In the 1960s, returning from his military service in Algeria, Roger met by chance a journalist of Armenian origin who took him into the Parisian nights in search of future singing stars. Roger, then aged 22, was looking for his independence. He set foot in the world of show business where he began to photograph both the big stars of the time: Edith Piaf, Joséphine Baker… but also the young rising stars of the 60’s like Johnny Hallyday, Sylvie Vartan, Françoise Hardy, Sheila, Claude François, Jacques Dutronc, and Gainsbourg, Aznavour, Brel… They were all young (and beautiful), the photographer Kasparian was only a few years older than these budding artists and the proximity and complicity were therefore immediate . Thus Kasparian shared the adventures of the beginnings of great world-famous French artists but also American and Anglo-Saxon ones such as the Beatles, the Who, the Rolling Stones, Armstrong, Nina Simone, Ray Charles… It was for him the opportunity to create exceptional shots for their spontaneity but also for the quality of shooting of the already accomplished photographer.

Roger also made some very good reportages during the Cannes Film Festival in the early 1960s and, always very discreet but present everywhere, he photographed the big names in cinema: Delon, Belmondo, Sofia Loren, Catherine Deneuve, Romy Schneider, etc. just to name a few.

What distinguished Roger was his independence and simplicity. He had always been a freelancer, refusing offers to work with a particular newspaper or for a particular singer. He was a very free, calm person, with a keen sense of humor. But he also had an extraordinary tenacity, and was a hard worker. Kasparian was able to skillfully capture the life and youth of the mythical period of the 60s. But also, we can find in the details of the background of his images the testimony of an entire era. Finally, each photo illustrates a story that Roger took real pleasure in telling.

At the beginning of the 1960s, Roger met his wife Dany on a film set, they worked together, he taking always unique shots, and Dany writing the texts to sell them in the newspaper editorial offices of the time.
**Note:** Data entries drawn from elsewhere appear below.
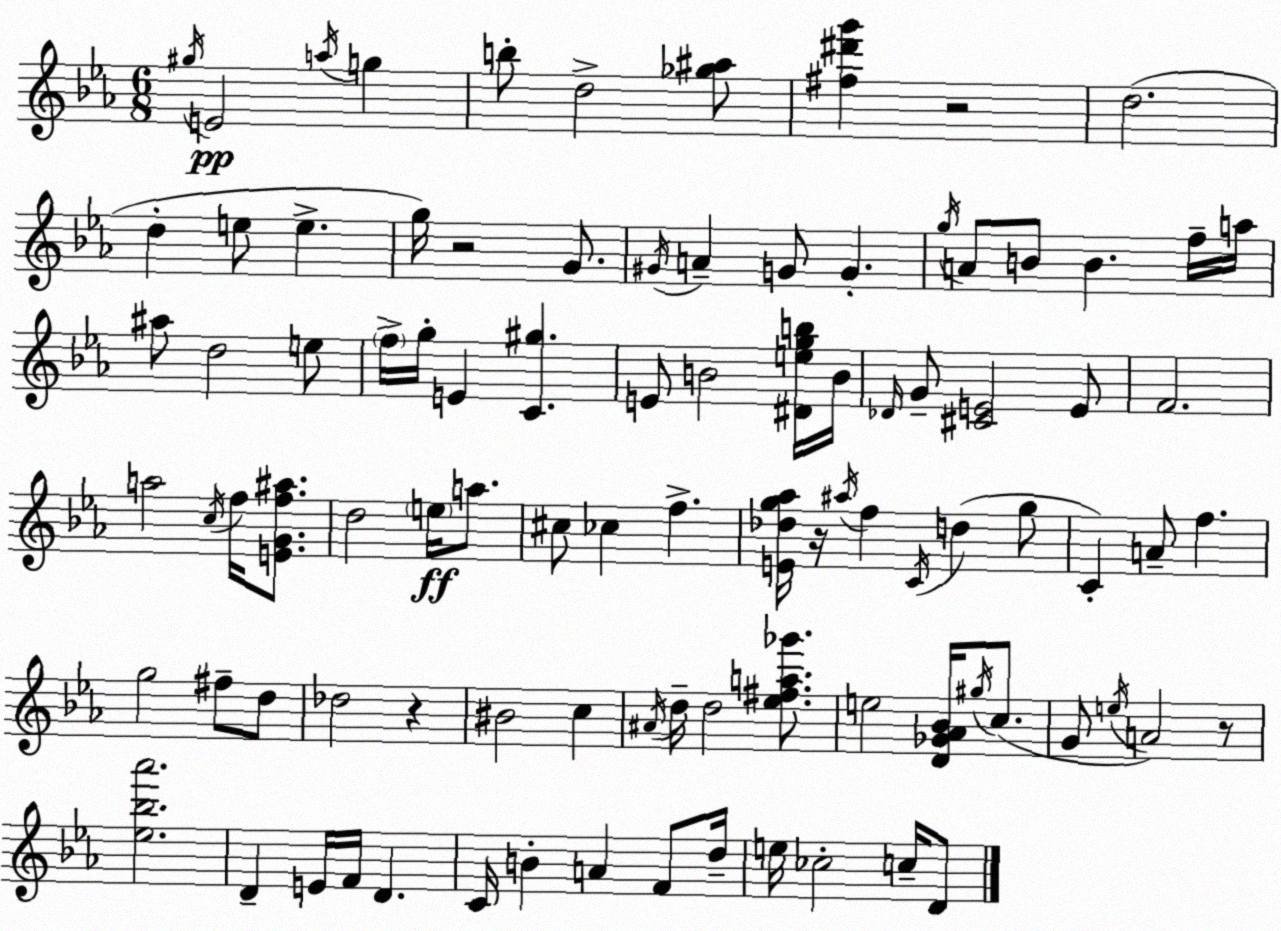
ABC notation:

X:1
T:Untitled
M:6/8
L:1/4
K:Cm
^g/4 E2 a/4 g b/2 d2 [_g^a]/2 [^f^d'g'] z2 d2 d e/2 e g/4 z2 G/2 ^G/4 A G/2 G g/4 A/2 B/2 B f/4 a/4 ^a/2 d2 e/2 f/4 g/4 E [C^g] E/2 B2 [^Degb]/4 B/4 _D/4 G/2 [^CE]2 E/2 F2 a2 c/4 f/4 [EGf^a]/2 d2 e/4 a/2 ^c/2 _c f [E_dg_a]/4 z/4 ^a/4 f C/4 d g/2 C A/2 f g2 ^f/2 d/2 _d2 z ^B2 c ^A/4 d/4 d2 [_e^fa_g']/2 e2 [D_G_A_B]/4 ^g/4 c/2 G/2 e/4 A2 z/2 [_e_b_a']2 D E/4 F/4 D C/4 B A F/2 d/4 e/4 _c2 c/4 D/2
With the arrival of their first daughter Lydia, a family life begins that was difficult to reconcile with the frantic pace of Parisian nights. And then, the beautiful carefreeness of the 60s disappeared. Everything became more complicated. There was no longer any question, as Roger had done many times, of being able to easily enter the airports to wait for the singers arriving for a concert in France and thus take exceptional shots of the Rolling Stones sitting all alone on a bench, or Ray Charles arriving with his family, or the Beatles on the tarmac… in the same way Roger was able to photograph Gainsbourg, Sylvie Vartan, Johnny Hallyday, Aznavour etc… in their privacy, at home, with complete simplicity. Sometimes, Roger even took these artists for a photo shoot in Montreuil in the family studio!
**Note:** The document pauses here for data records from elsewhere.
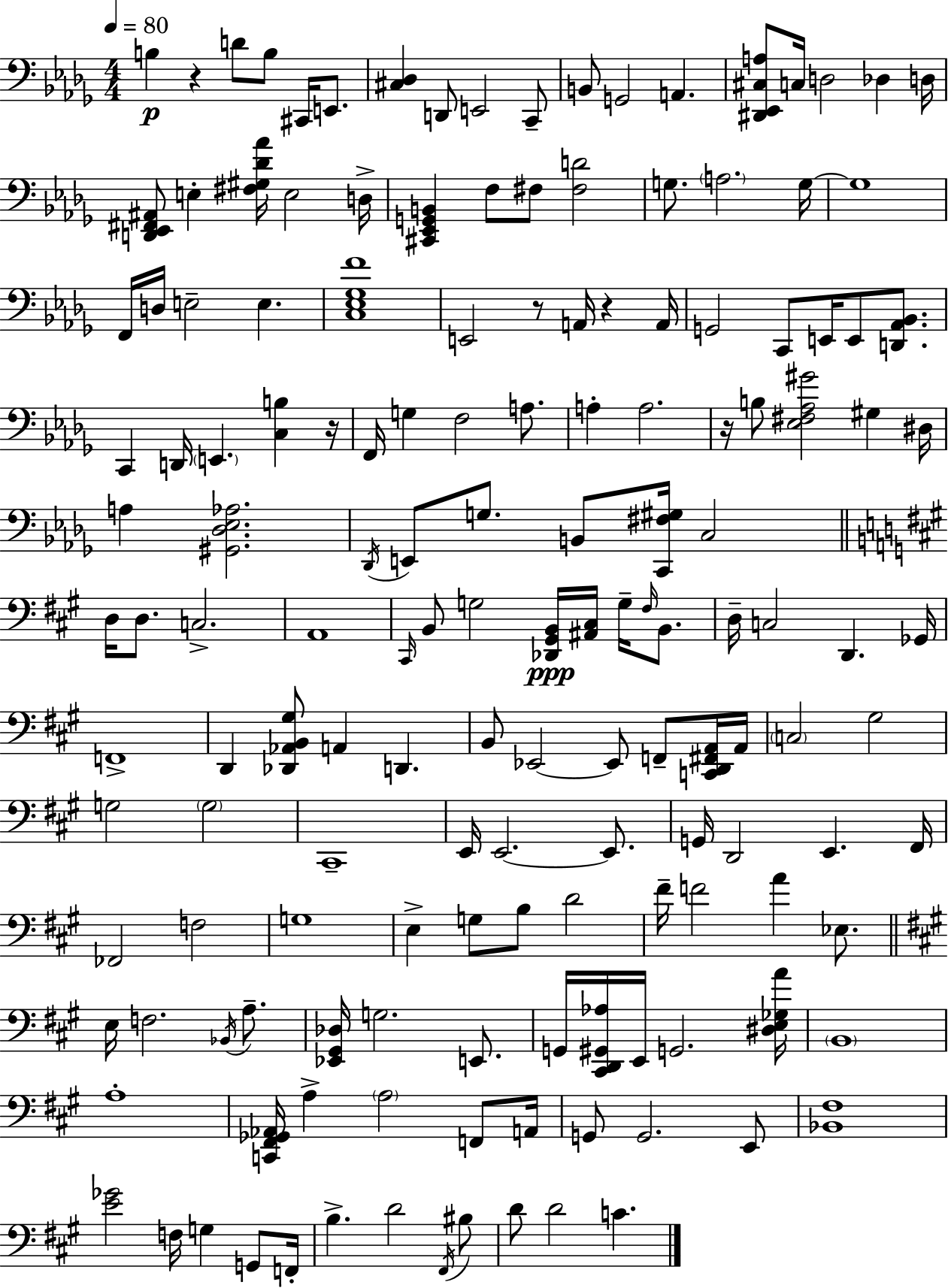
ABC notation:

X:1
T:Untitled
M:4/4
L:1/4
K:Bbm
B, z D/2 B,/2 ^C,,/4 E,,/2 [^C,_D,] D,,/2 E,,2 C,,/2 B,,/2 G,,2 A,, [^D,,_E,,^C,A,]/2 C,/4 D,2 _D, D,/4 [D,,_E,,^F,,^A,,]/2 E, [^F,^G,_D_A]/4 E,2 D,/4 [^C,,_E,,G,,B,,] F,/2 ^F,/2 [^F,D]2 G,/2 A,2 G,/4 G,4 F,,/4 D,/4 E,2 E, [C,_E,_G,F]4 E,,2 z/2 A,,/4 z A,,/4 G,,2 C,,/2 E,,/4 E,,/2 [D,,_A,,_B,,]/2 C,, D,,/4 E,, [C,B,] z/4 F,,/4 G, F,2 A,/2 A, A,2 z/4 B,/2 [_E,^F,_A,^G]2 ^G, ^D,/4 A, [^G,,_D,_E,_A,]2 _D,,/4 E,,/2 G,/2 B,,/2 [C,,^F,^G,]/4 C,2 D,/4 D,/2 C,2 A,,4 ^C,,/4 B,,/2 G,2 [_D,,^G,,B,,]/4 [^A,,^C,]/4 G,/4 ^F,/4 B,,/2 D,/4 C,2 D,, _G,,/4 F,,4 D,, [_D,,_A,,B,,^G,]/2 A,, D,, B,,/2 _E,,2 _E,,/2 F,,/2 [C,,D,,^F,,A,,]/4 A,,/4 C,2 ^G,2 G,2 G,2 ^C,,4 E,,/4 E,,2 E,,/2 G,,/4 D,,2 E,, ^F,,/4 _F,,2 F,2 G,4 E, G,/2 B,/2 D2 ^F/4 F2 A _E,/2 E,/4 F,2 _B,,/4 A,/2 [_E,,^G,,_D,]/4 G,2 E,,/2 G,,/4 [^C,,D,,^G,,_A,]/4 E,,/4 G,,2 [^D,E,_G,A]/4 B,,4 A,4 [C,,^F,,_G,,_A,,]/4 A, A,2 F,,/2 A,,/4 G,,/2 G,,2 E,,/2 [_B,,^F,]4 [E_G]2 F,/4 G, G,,/2 F,,/4 B, D2 ^F,,/4 ^B,/2 D/2 D2 C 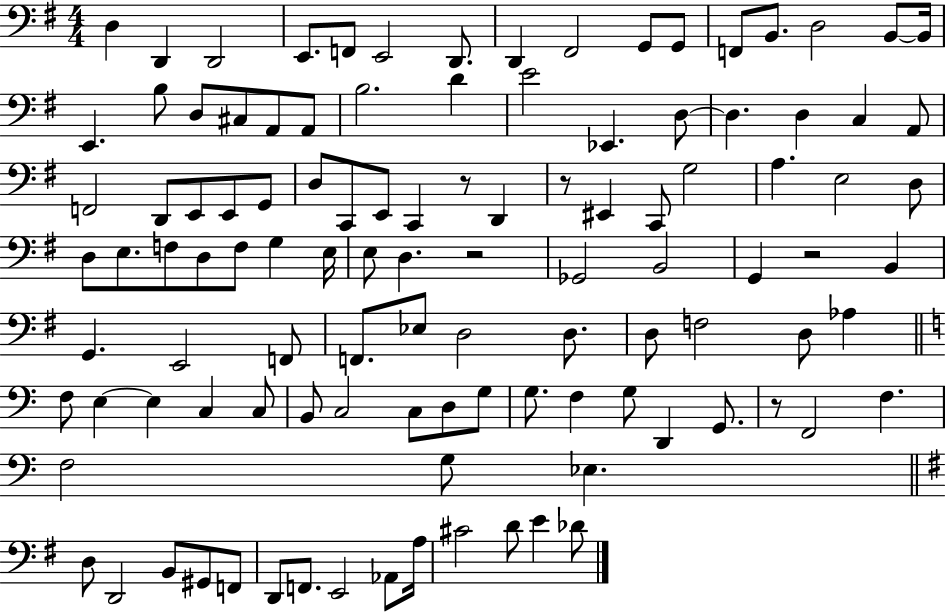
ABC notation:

X:1
T:Untitled
M:4/4
L:1/4
K:G
D, D,, D,,2 E,,/2 F,,/2 E,,2 D,,/2 D,, ^F,,2 G,,/2 G,,/2 F,,/2 B,,/2 D,2 B,,/2 B,,/4 E,, B,/2 D,/2 ^C,/2 A,,/2 A,,/2 B,2 D E2 _E,, D,/2 D, D, C, A,,/2 F,,2 D,,/2 E,,/2 E,,/2 G,,/2 D,/2 C,,/2 E,,/2 C,, z/2 D,, z/2 ^E,, C,,/2 G,2 A, E,2 D,/2 D,/2 E,/2 F,/2 D,/2 F,/2 G, E,/4 E,/2 D, z2 _G,,2 B,,2 G,, z2 B,, G,, E,,2 F,,/2 F,,/2 _E,/2 D,2 D,/2 D,/2 F,2 D,/2 _A, F,/2 E, E, C, C,/2 B,,/2 C,2 C,/2 D,/2 G,/2 G,/2 F, G,/2 D,, G,,/2 z/2 F,,2 F, F,2 G,/2 _E, D,/2 D,,2 B,,/2 ^G,,/2 F,,/2 D,,/2 F,,/2 E,,2 _A,,/2 A,/4 ^C2 D/2 E _D/2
In the 1970s, Kasparian changed course. Having obtained approval in architecture, he embarked on this new activity and put his profession as a photographer on hold.

It was only starting 2013 that his unpublished photos, priceless archives and buried treasure, were taken out of the boxes by a collector to be the subject of numerous exhibitions (Paris, London, Kuala Lumpur, Montevideo, Valencia, Lille, Arles, Théoule-sur-Mer etc…), books and films. So Roger, between two exhibitions, returned to reporting, devoting his time to photographing all events linked to the Armenian community in France but also in several countries around the world (Armenia, Great Britain, Uruguay, Malaysia, Singapore, Brazil, India,…). Because Roger, who loved freedom, was above all a man of the field.
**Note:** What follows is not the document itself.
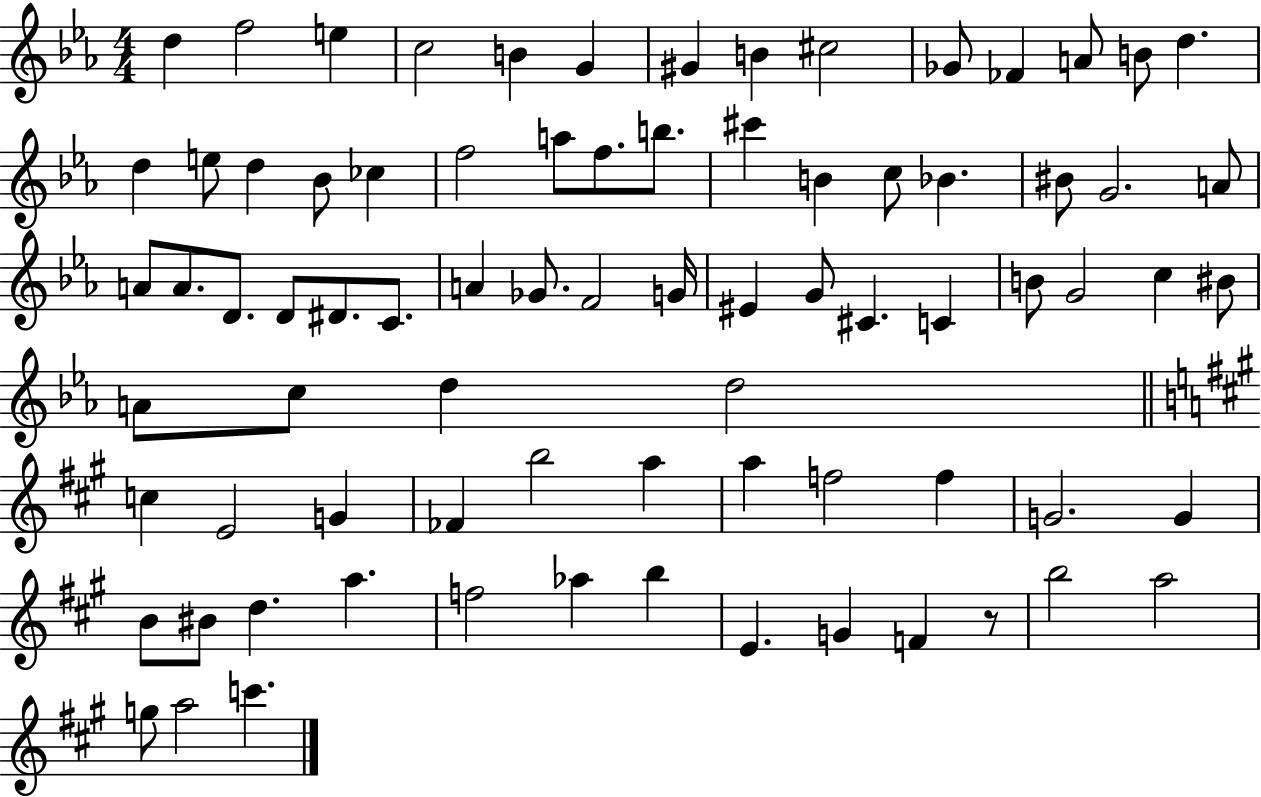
D5/q F5/h E5/q C5/h B4/q G4/q G#4/q B4/q C#5/h Gb4/e FES4/q A4/e B4/e D5/q. D5/q E5/e D5/q Bb4/e CES5/q F5/h A5/e F5/e. B5/e. C#6/q B4/q C5/e Bb4/q. BIS4/e G4/h. A4/e A4/e A4/e. D4/e. D4/e D#4/e. C4/e. A4/q Gb4/e. F4/h G4/s EIS4/q G4/e C#4/q. C4/q B4/e G4/h C5/q BIS4/e A4/e C5/e D5/q D5/h C5/q E4/h G4/q FES4/q B5/h A5/q A5/q F5/h F5/q G4/h. G4/q B4/e BIS4/e D5/q. A5/q. F5/h Ab5/q B5/q E4/q. G4/q F4/q R/e B5/h A5/h G5/e A5/h C6/q.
In 2023 and 2024, at the age of 85, Roger Kasparian exhibited his photos with joy and to the delight of visitors with whom he loved to share his memories, in the Town Hall of the 9th arrondissement of Paris, the Town Hall of the 5th, in the headquarters of the Hauts de France region, in Théoule-sur-Mer…

And it was on February 15th, 2024, during a last reportage in Georgia, with his grandson Norvan and his daughter Lydia, that Roger Kasparian passed away in his sleep, a camera, his inseparable companion, at his side.